Haunted By Kanye Deal, Adidas Posts Warning

Adidas is launching a new line with actress Jenna Ortega

Adidas unexpectedly updated its financial guidance for the coming year, warning investors that the aftershocks of its dealing with Ye, the rapper formerly known as Kanye West, keep on coming.

If it does not sell the existing Yeezy stock, it could lower sales by $1.3 billion and reduce operating profit by $535 million.

Against that backdrop, the company is now predicting a sales decline in the high-single digits, with no profits at all.

And should it decide "not to repurpose any of the existing Yeezy product going forward," that will further lower profits.

Marketing Daily thinks commentaary by New York magazine's Matt Stieb is right: The company could donate the unsold merchandise, much as the NFL gives away all the swag made for the Super Bowl team that winds up losing.

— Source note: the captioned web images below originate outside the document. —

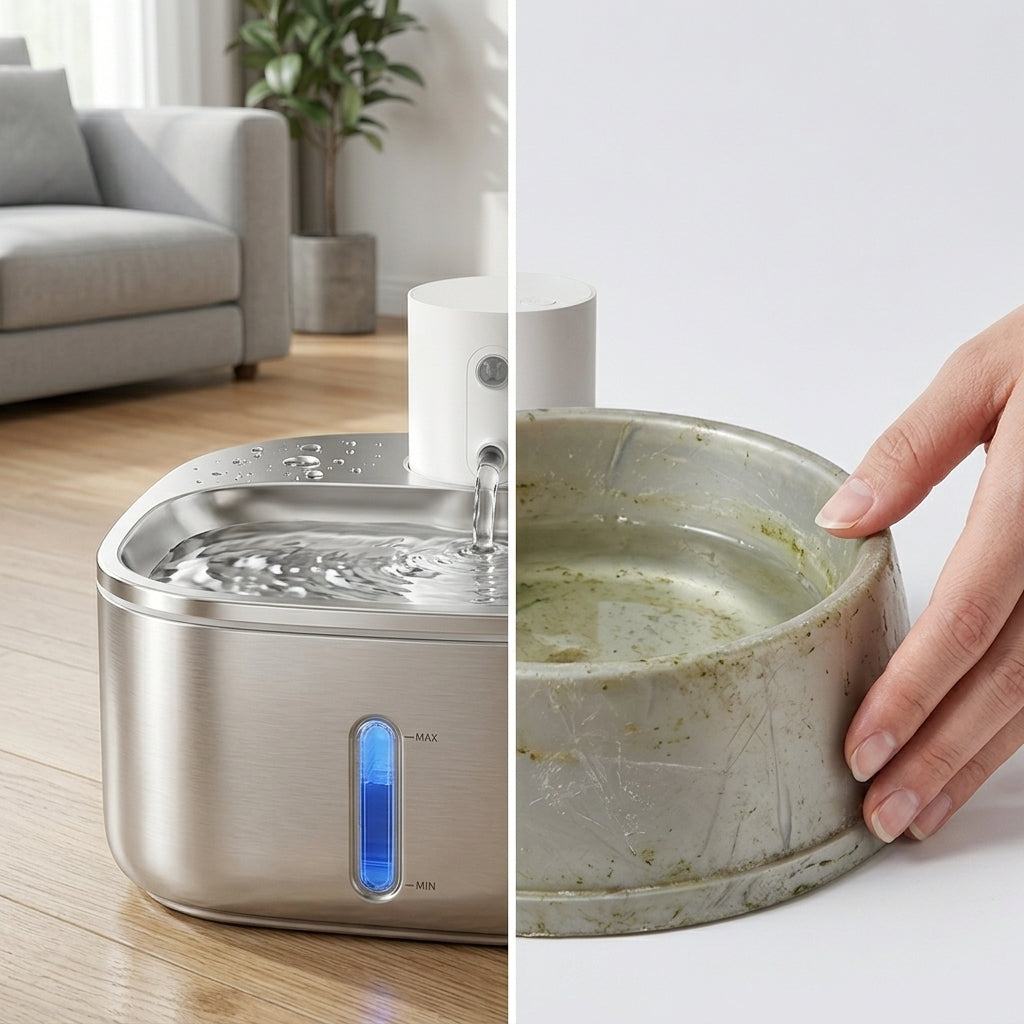Catvera Motion Sensor Water Fountain - Hygienic Stainless Steel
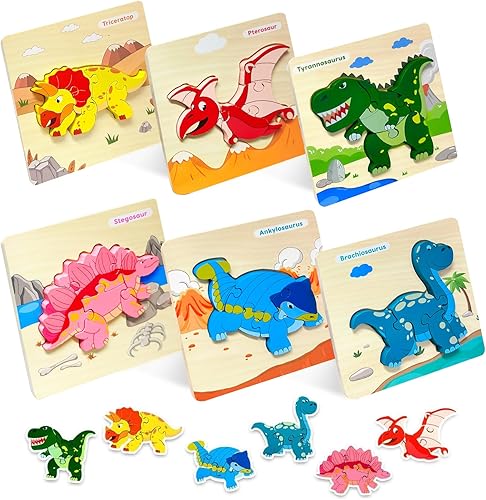 Miniatura 1 de Rompecabezas de madera para niños pequeños, juguetes para niños de 1, 2 y 3 años, niños y niñas, bebés, niños Montessori Aprendizaje de 6 patrones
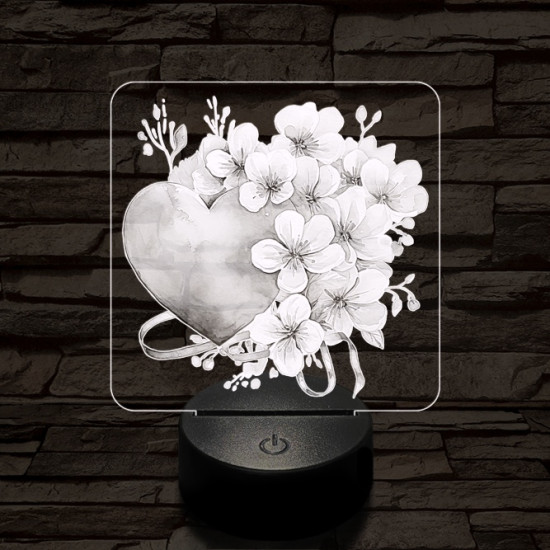 Valentin szíves csokor 7 színű valósághű 3D led lámpa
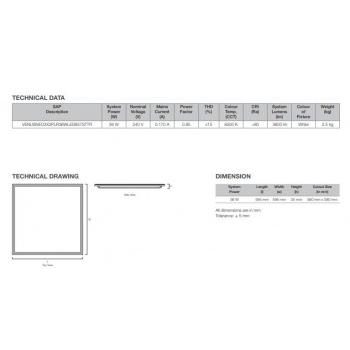 Havells Venus Neo Square LED Light 2X2 PLR VENUSNEO2X2PLR36WLED857STTR 36W 6500K 595x595x35mm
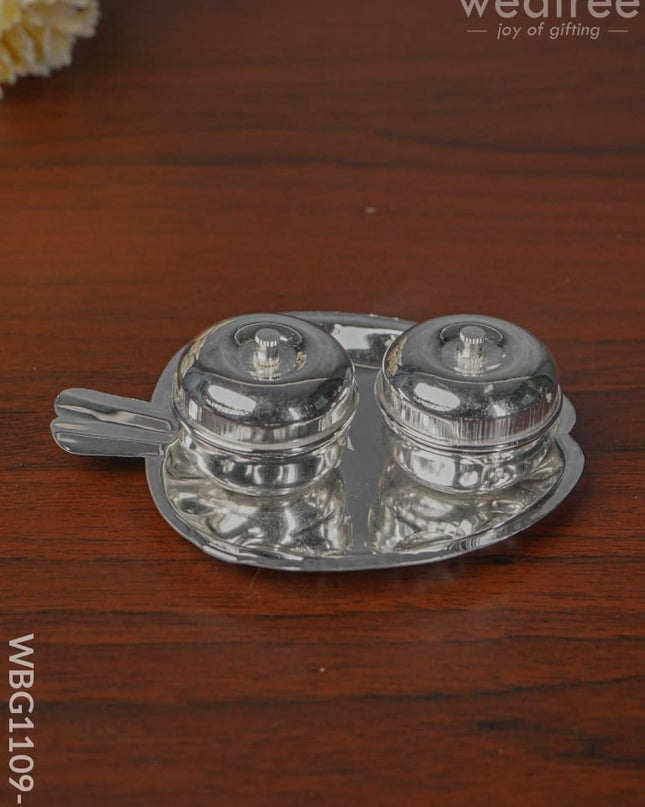 German Silver Apple Shaped 2 Kumkum Holder - Wbg1109-1 Holders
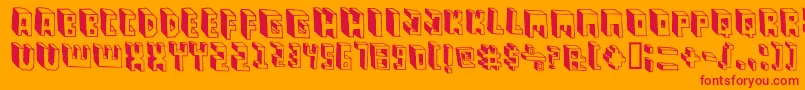 PastasBlack-Schriftart – Rote Schriften auf orangefarbenem Hintergrund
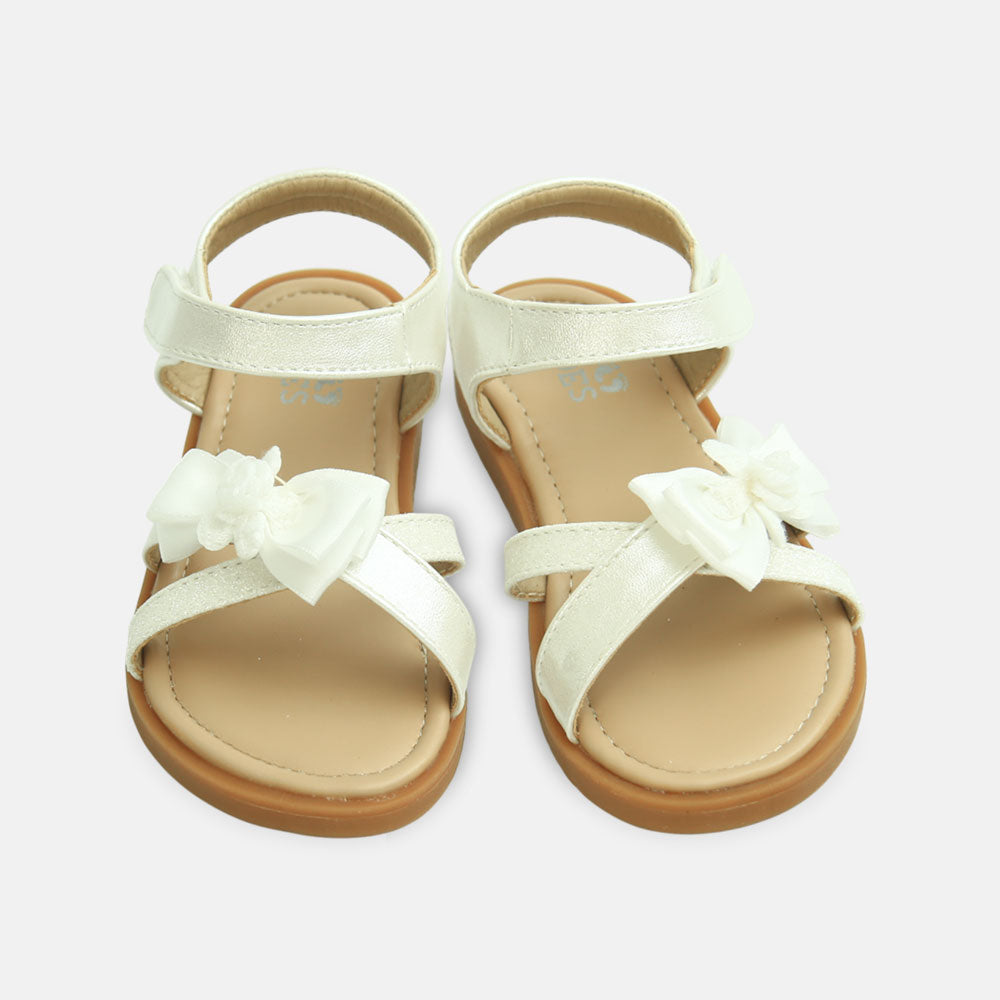 Girls White Floral Bow Sandals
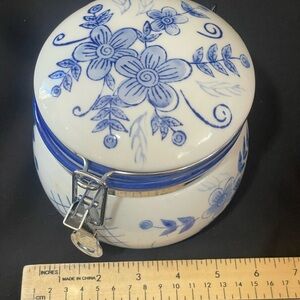 Vintage Blue and White Floral Ceramic canister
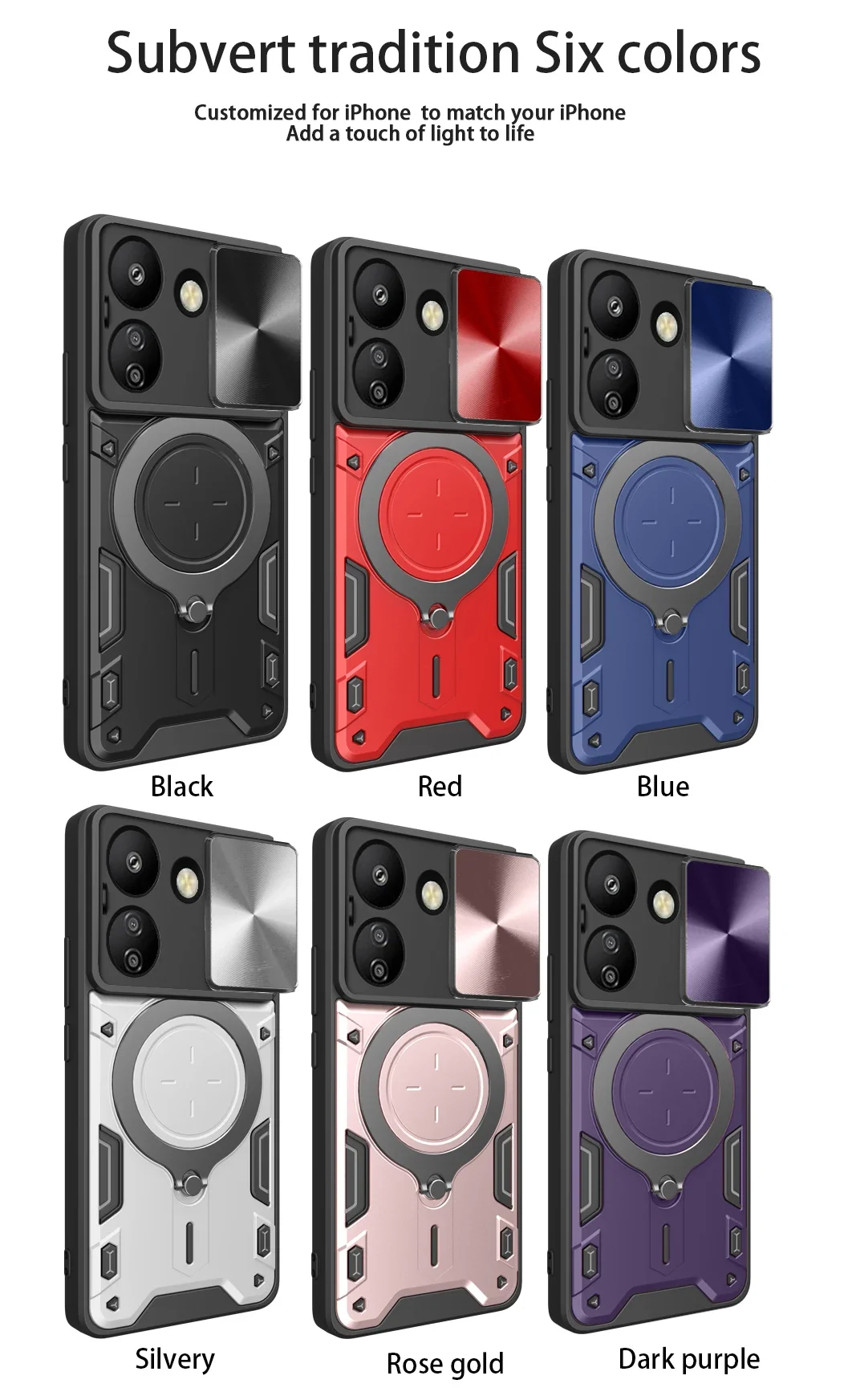 Capa para xiaomi mi poco c75 c71 c55 c61 c65 suporte magnético girado anel kickstand camada pesada à prova de choque capa de telefone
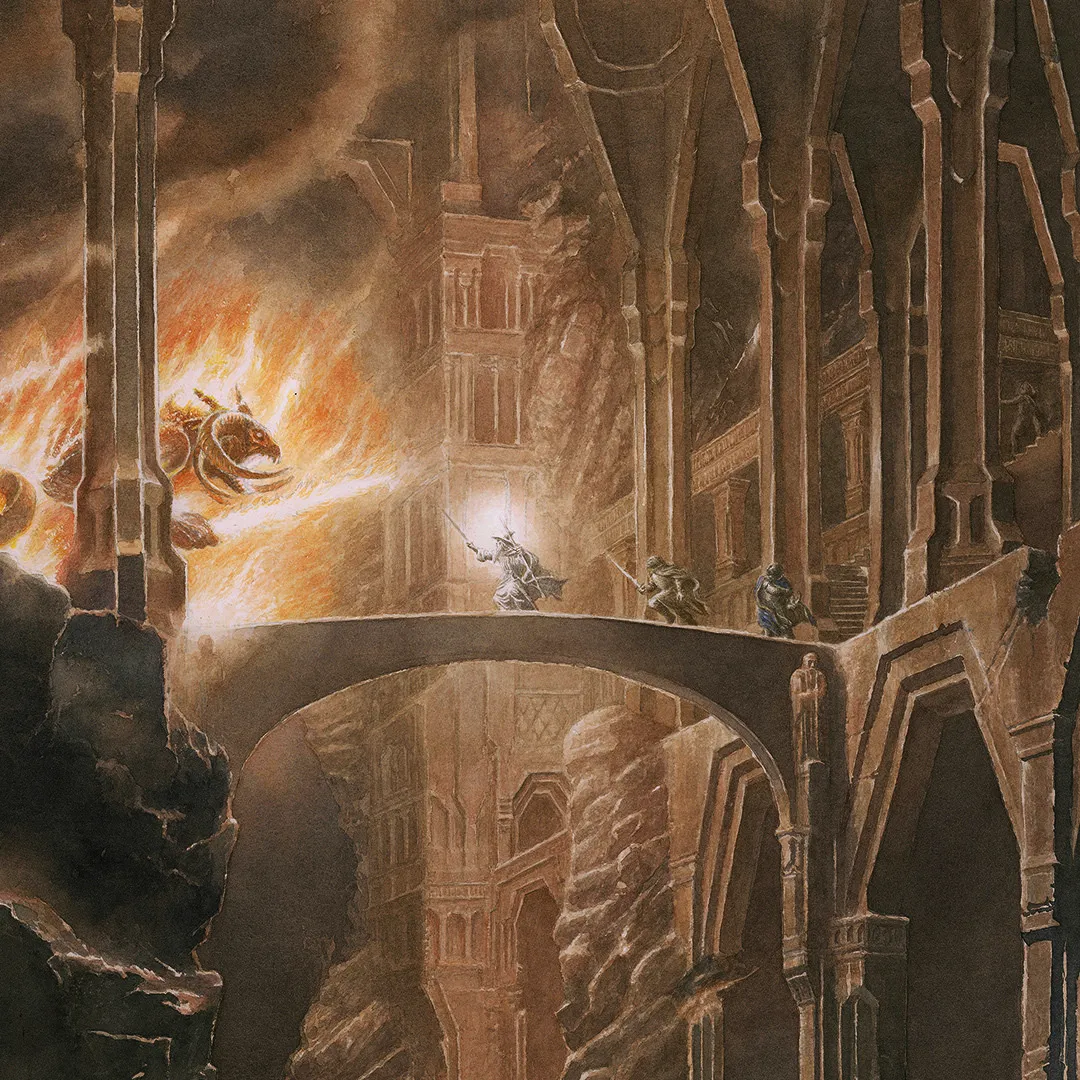 Illustration : The Bridge of Khazad-dûm, par Alan Lee.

We're thinking there are a lot of people in Turkey and Syria who would appreciate a pair of shoes right now.

Adidas also says it is spending more than $200 million on a strategic review, which it hopes will help it find its way back to profitable growth.

Still, there could be an operating loss of $750 million for the full year.

Adidas' stock fell as much as 11% on the news of its downturn.

It doesn't help that the company is now led by newcomer Bjørn Gulden, who left Puma to take the helm at Adidas at the beginning of January.

"The numbers speak for themselves," he said in the announcement. "We are currently not performing the way we should."

In the year ahead, "we will put full focus on the consumer, our athletes, our retail partners and our Adidas employees," hoping to recapture some "brand heat."

Even before this bombshell, observers have been growing skeptical about Adidas' prospects. Last month, Baird downgraded the company to a neutral rating. And back in November, Moody's cut its credit rating.

Adidas' "severe financial reset highlights that time is needed to fix the business," writes Jonathan Komp, an analyst who follows the company for Baird.

And it's not just Yeezy, but rough times for any athletic brand that isn't named Nike. "Commentary from Adidas, along with yesterday's cautious update from Under Armour and others, highlights a highly challenging current environment tied to uncertain demand, elevated channel inventory, and lower wholesale expectations," Komp says. "We suspect Nike's brand strength and own clearance actions may also be placing added pressure on secondary brands in the marketplace."